(Collected data entries)
Start of Block

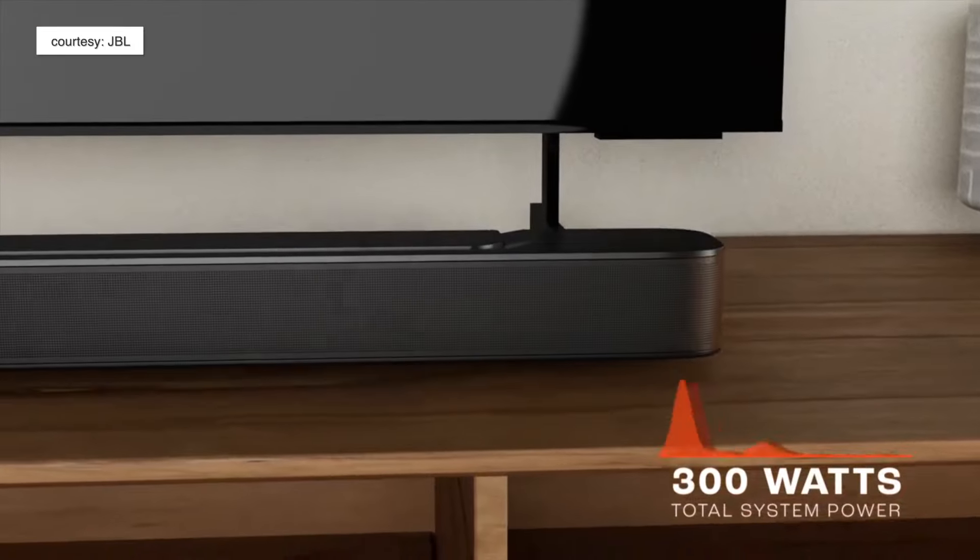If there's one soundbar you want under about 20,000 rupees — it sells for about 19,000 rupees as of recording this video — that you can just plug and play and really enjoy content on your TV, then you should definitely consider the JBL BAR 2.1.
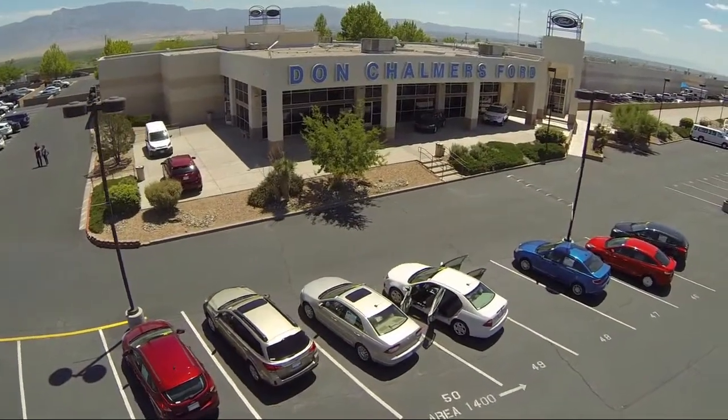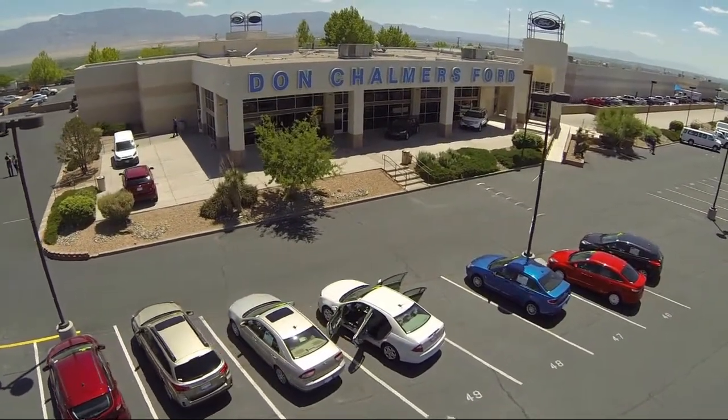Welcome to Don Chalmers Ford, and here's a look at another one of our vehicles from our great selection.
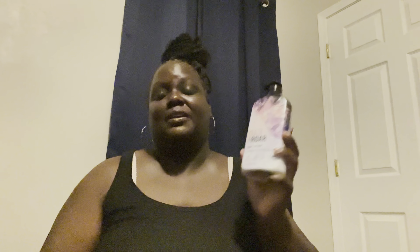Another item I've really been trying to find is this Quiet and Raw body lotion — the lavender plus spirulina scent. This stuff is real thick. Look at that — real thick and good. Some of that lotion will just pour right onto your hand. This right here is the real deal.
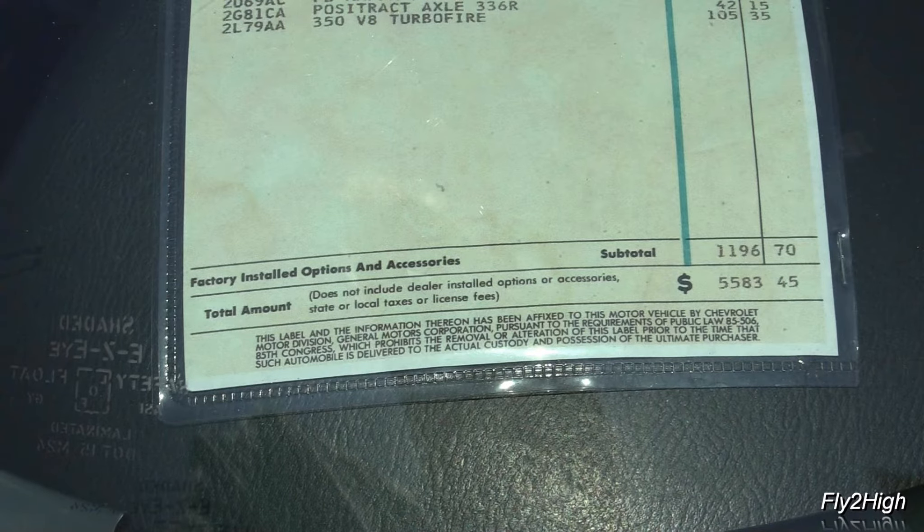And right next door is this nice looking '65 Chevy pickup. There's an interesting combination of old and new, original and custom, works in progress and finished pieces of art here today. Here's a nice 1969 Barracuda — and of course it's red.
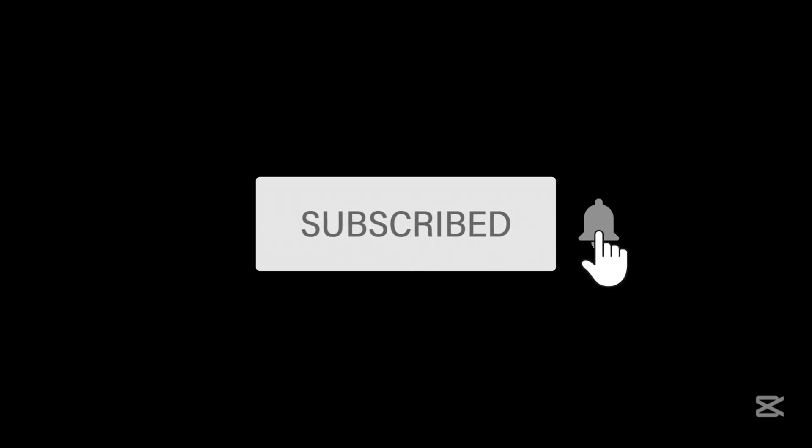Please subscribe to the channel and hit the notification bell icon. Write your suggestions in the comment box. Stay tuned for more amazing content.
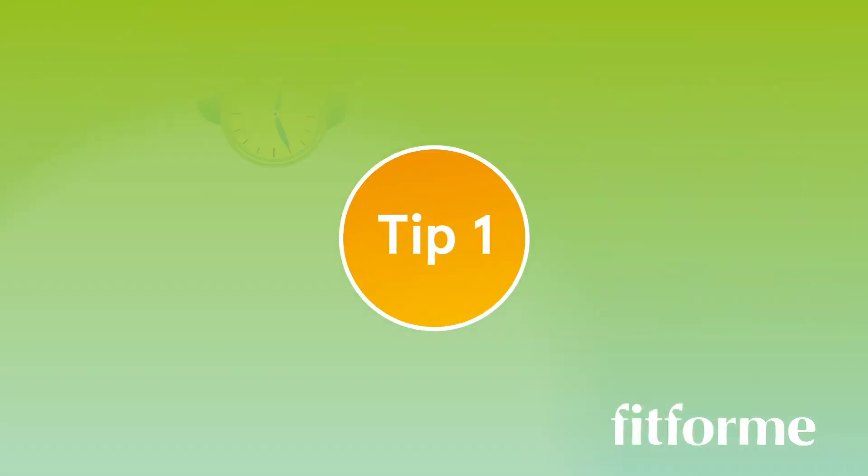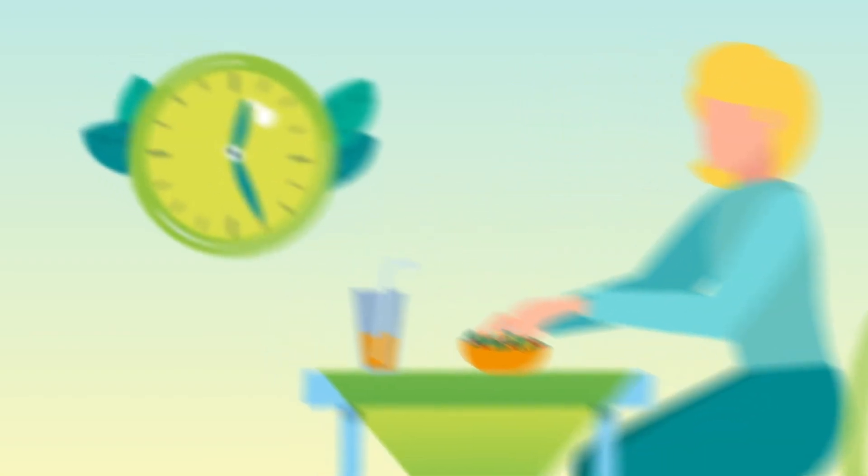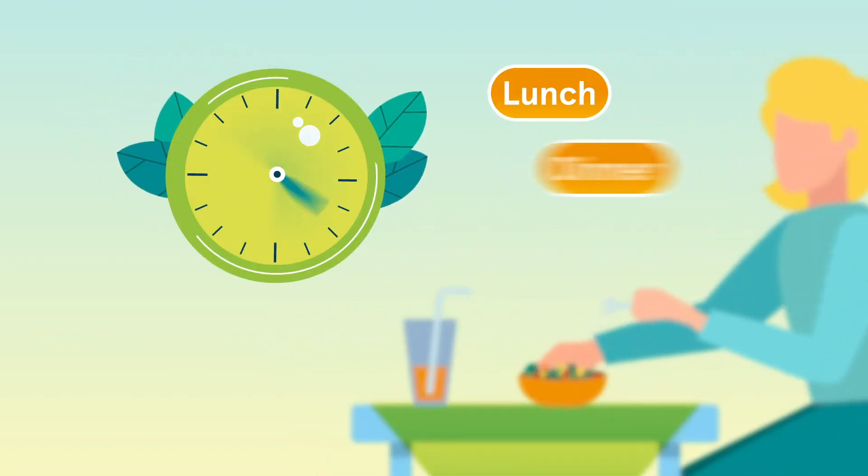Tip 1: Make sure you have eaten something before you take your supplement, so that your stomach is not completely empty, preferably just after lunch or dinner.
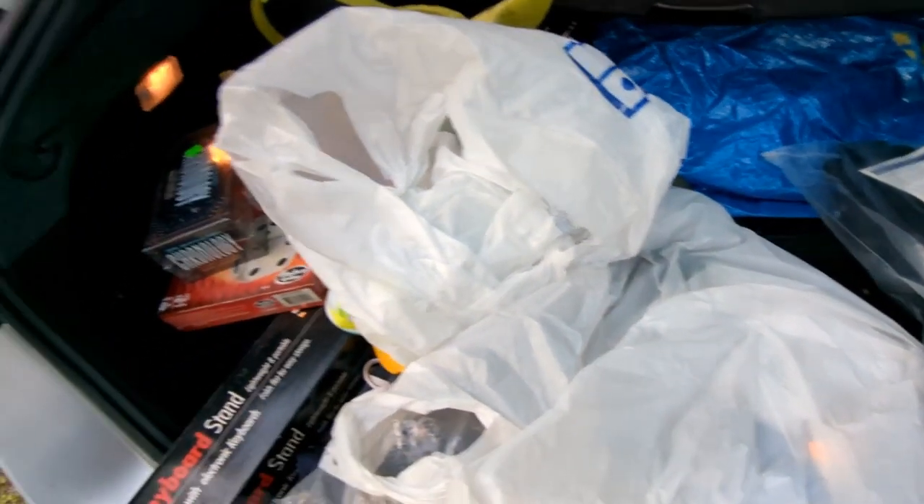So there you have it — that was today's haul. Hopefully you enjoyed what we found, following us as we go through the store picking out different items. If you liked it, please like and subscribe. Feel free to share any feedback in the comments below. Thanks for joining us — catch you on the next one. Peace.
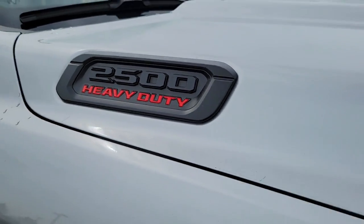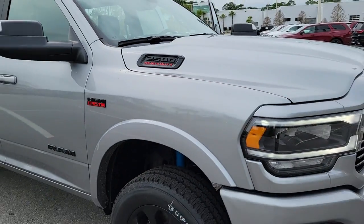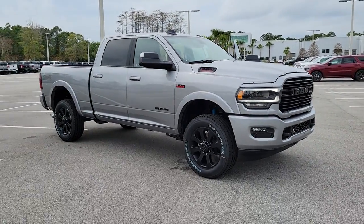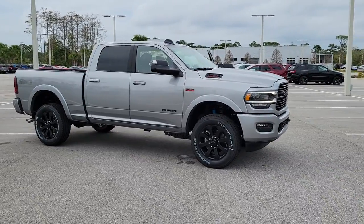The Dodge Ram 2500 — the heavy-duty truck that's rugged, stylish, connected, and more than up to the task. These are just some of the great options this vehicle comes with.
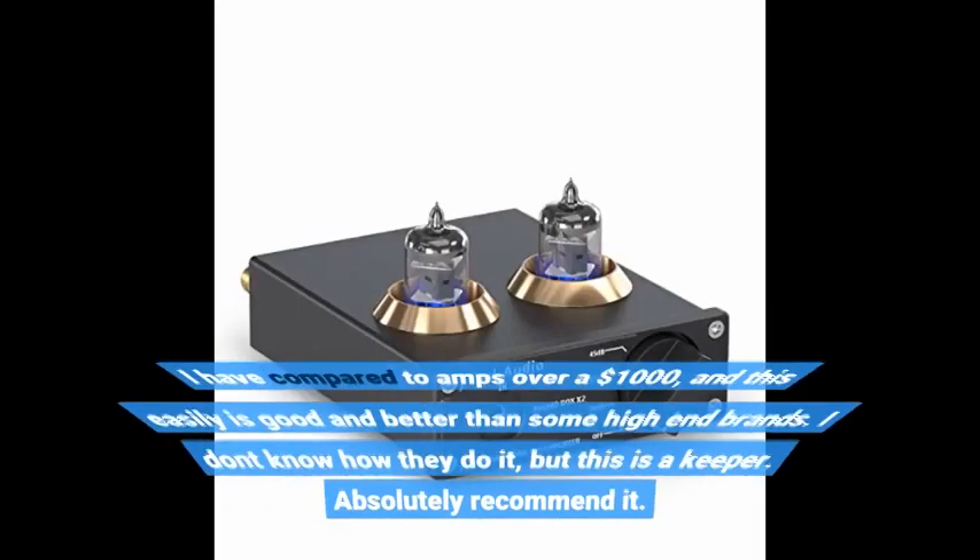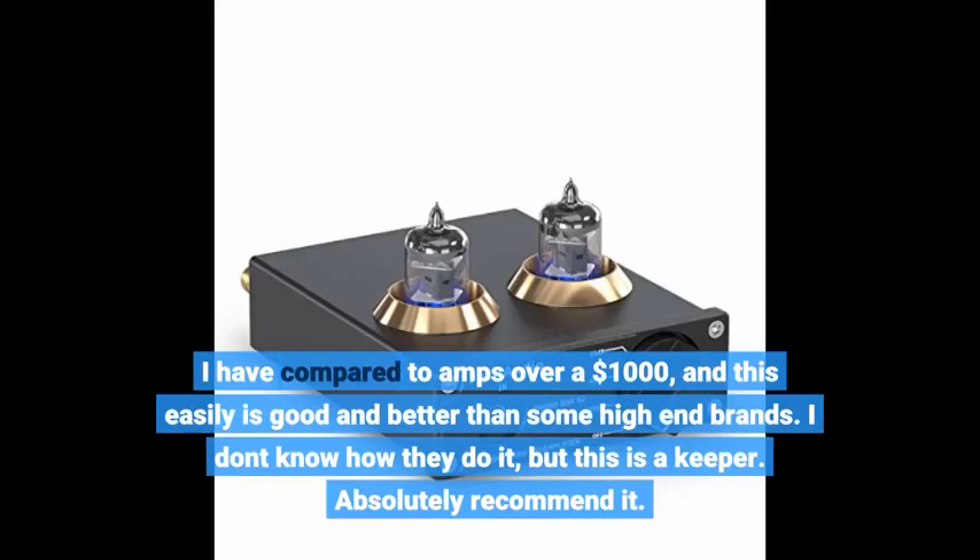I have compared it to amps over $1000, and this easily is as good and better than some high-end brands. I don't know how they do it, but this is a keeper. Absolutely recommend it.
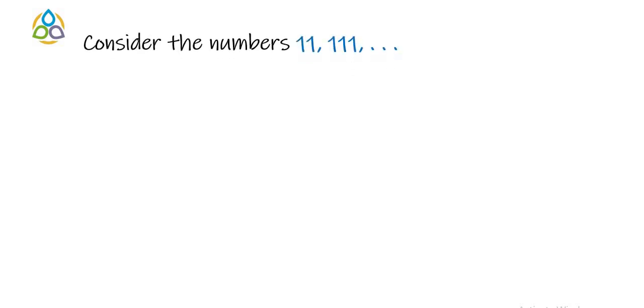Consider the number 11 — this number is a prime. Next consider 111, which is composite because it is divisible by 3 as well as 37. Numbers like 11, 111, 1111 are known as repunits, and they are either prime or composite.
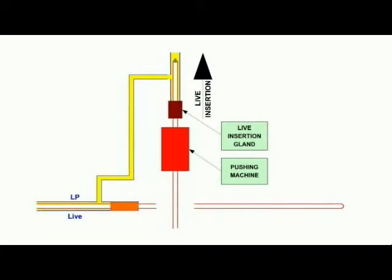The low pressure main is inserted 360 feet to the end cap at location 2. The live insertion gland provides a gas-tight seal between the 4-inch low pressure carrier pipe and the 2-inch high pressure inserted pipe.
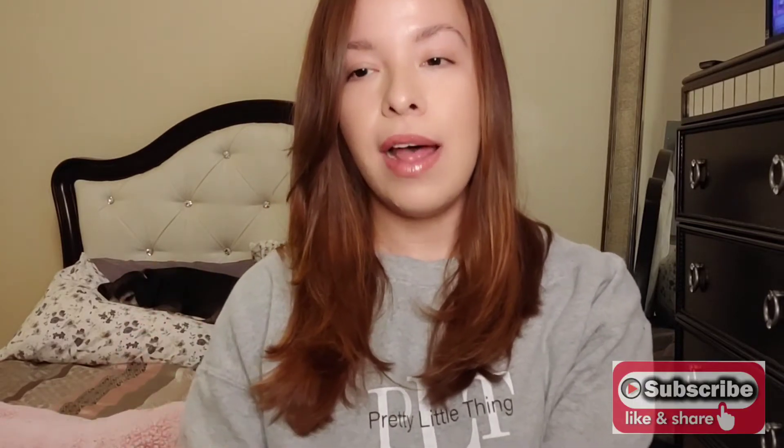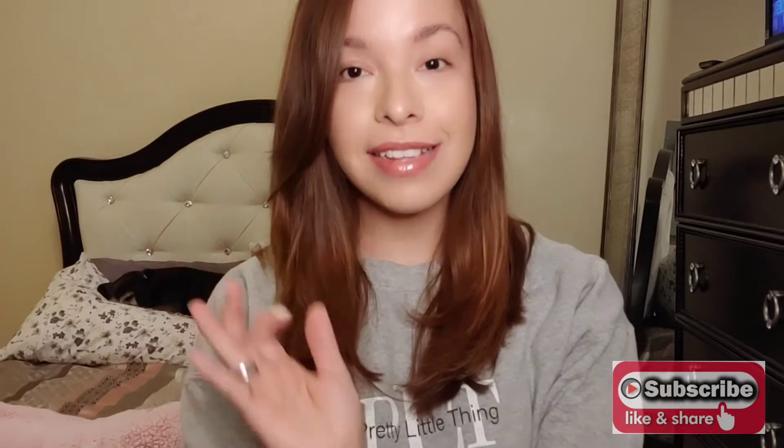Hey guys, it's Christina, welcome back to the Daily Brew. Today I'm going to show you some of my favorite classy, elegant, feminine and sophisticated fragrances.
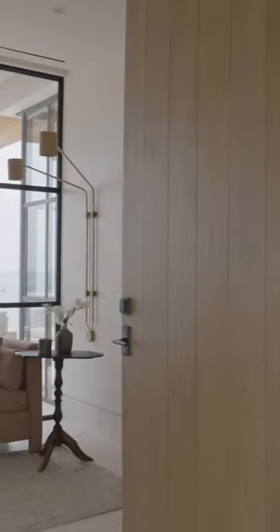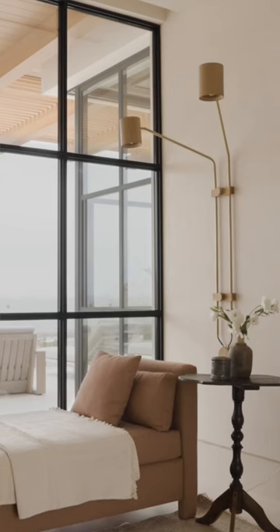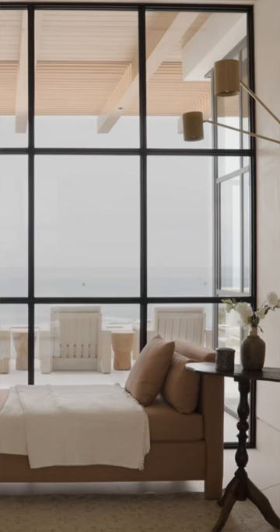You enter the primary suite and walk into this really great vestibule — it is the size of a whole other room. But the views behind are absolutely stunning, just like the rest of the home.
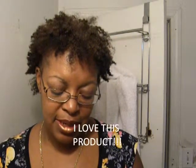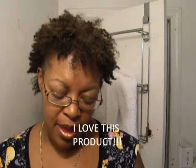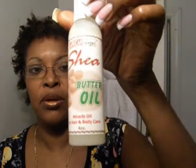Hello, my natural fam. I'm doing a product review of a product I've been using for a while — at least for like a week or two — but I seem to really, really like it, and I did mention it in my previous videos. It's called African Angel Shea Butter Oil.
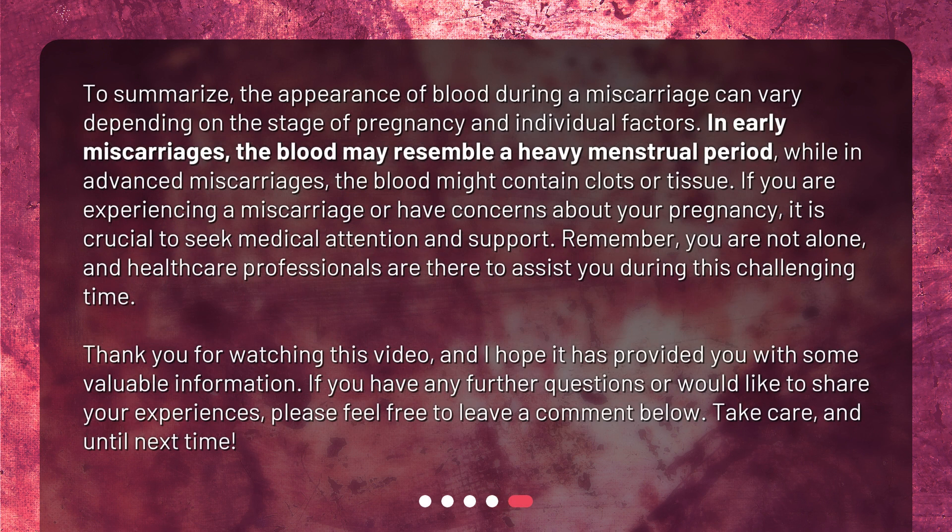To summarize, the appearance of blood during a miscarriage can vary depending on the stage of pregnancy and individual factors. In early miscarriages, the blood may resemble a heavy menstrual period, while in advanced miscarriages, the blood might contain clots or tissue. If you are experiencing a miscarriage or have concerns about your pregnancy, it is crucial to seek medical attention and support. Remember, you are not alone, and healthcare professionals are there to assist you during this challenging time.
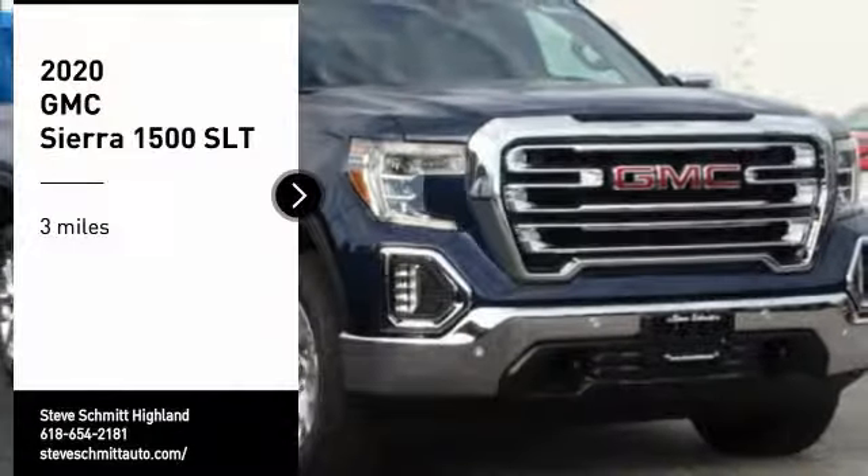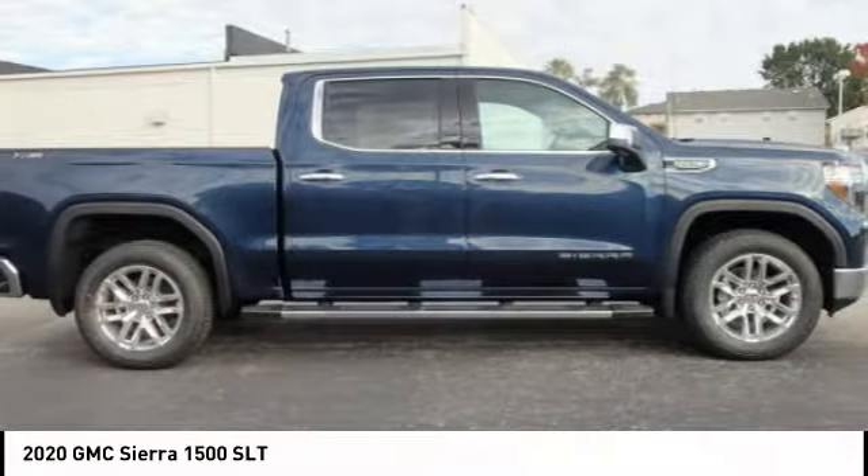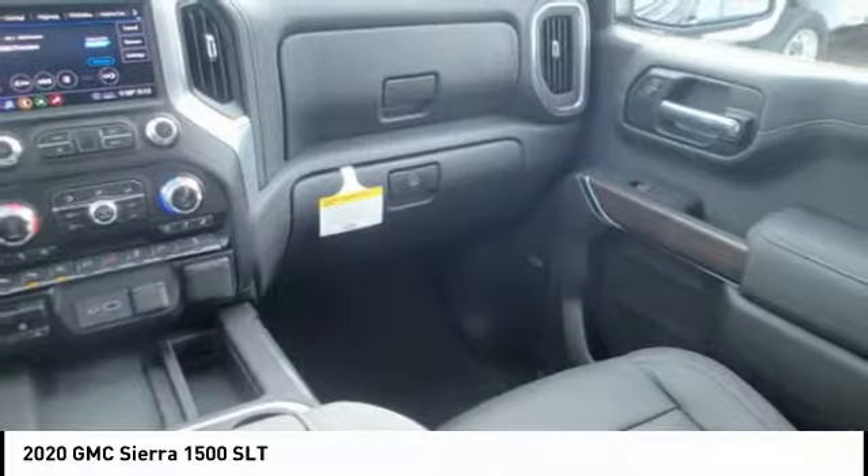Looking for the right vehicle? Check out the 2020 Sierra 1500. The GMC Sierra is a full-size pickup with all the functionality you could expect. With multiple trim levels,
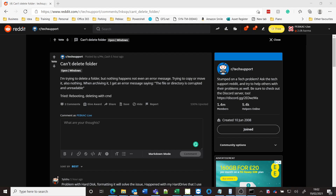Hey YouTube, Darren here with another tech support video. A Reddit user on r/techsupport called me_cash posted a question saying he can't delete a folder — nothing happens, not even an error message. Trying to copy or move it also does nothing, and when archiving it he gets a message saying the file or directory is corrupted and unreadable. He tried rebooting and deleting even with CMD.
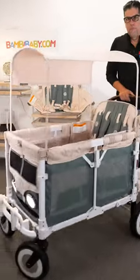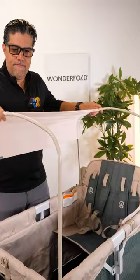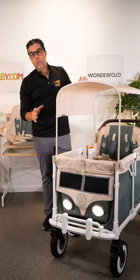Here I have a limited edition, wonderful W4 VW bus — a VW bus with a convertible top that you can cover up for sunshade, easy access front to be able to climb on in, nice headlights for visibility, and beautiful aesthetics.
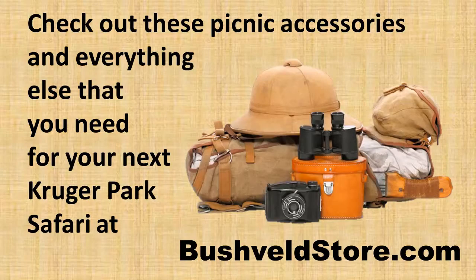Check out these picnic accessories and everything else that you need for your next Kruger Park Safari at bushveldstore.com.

End of Block

### What the task requires
The data above holds the lines to copy: start at the one with "I have compared", stop at the one with "Hello, my natural", include both, copy them exactly without pictures, and copy nothing else.

### Exercise answer
I have compared it to amps over $1000, and this easily is as good and better than some high-end brands. I don't know how they do it, but this is a keeper. Absolutely recommend it.
Consider the number 11 — this number is a prime. Next consider 111, which is composite because it is divisible by 3 as well as 37. Numbers like 11, 111, 1111 are known as repunits, and they are either prime or composite.
The low pressure main is inserted 360 feet to the end cap at location 2. The live insertion gland provides a gas-tight seal between the 4-inch low pressure carrier pipe and the 2-inch high pressure inserted pipe.
Hey guys, it's Christina, welcome back to the Daily Brew. Today I'm going to show you some of my favorite classy, elegant, feminine and sophisticated fragrances.
You enter the primary suite and walk into this really great vestibule — it is the size of a whole other room. But the views behind are absolutely stunning, just like the rest of the home.
Hello, my natural fam. I'm doing a product review of a product I've been using for a while — at least for like a week or two — but I seem to really, really like it, and I did mention it in my previous videos. It's called African Angel Shea Butter Oil.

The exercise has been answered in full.